Copy exactly the lines of the records below, and only those lines, beginning with the line that contains "Skechers GOwalk Flex" and ending with the line that contains "Hot Flash Inhaler".
______
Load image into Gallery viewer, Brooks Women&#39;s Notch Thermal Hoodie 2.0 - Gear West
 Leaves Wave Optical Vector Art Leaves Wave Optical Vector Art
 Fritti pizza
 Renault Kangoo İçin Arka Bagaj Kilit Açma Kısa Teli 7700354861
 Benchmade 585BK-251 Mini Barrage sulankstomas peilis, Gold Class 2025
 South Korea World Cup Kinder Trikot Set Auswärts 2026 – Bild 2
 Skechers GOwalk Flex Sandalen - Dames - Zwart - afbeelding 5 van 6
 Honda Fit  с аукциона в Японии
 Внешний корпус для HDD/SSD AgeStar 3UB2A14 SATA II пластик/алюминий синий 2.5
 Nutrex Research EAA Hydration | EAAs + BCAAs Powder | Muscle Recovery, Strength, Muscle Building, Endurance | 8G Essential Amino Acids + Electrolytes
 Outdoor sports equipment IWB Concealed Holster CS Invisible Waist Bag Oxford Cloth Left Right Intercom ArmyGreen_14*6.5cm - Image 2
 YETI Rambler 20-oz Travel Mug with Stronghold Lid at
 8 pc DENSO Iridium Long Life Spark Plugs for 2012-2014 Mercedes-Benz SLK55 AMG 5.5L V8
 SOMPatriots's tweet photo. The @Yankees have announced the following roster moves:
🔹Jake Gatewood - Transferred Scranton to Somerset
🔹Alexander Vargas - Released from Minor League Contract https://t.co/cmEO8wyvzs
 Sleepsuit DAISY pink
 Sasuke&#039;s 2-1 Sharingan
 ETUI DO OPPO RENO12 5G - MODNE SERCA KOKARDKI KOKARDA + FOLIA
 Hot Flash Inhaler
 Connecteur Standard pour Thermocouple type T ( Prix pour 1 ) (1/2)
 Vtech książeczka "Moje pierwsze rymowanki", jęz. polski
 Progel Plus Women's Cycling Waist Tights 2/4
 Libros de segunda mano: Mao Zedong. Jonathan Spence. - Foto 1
______
◆ Solution
 Skechers GOwalk Flex Sandalen - Dames - Zwart - afbeelding 5 van 6
 Honda Fit  с аукциона в Японии
 Внешний корпус для HDD/SSD AgeStar 3UB2A14 SATA II пластик/алюминий синий 2.5
 Nutrex Research EAA Hydration | EAAs + BCAAs Powder | Muscle Recovery, Strength, Muscle Building, Endurance | 8G Essential Amino Acids + Electrolytes
 Outdoor sports equipment IWB Concealed Holster CS Invisible Waist Bag Oxford Cloth Left Right Intercom ArmyGreen_14*6.5cm - Image 2
 YETI Rambler 20-oz Travel Mug with Stronghold Lid at
 8 pc DENSO Iridium Long Life Spark Plugs for 2012-2014 Mercedes-Benz SLK55 AMG 5.5L V8
 SOMPatriots's tweet photo. The @Yankees have announced the following roster moves:
🔹Jake Gatewood - Transferred Scranton to Somerset
🔹Alexander Vargas - Released from Minor League Contract https://t.co/cmEO8wyvzs
 Sleepsuit DAISY pink
 Sasuke&#039;s 2-1 Sharingan
 ETUI DO OPPO RENO12 5G - MODNE SERCA KOKARDKI KOKARDA + FOLIA
 Hot Flash Inhaler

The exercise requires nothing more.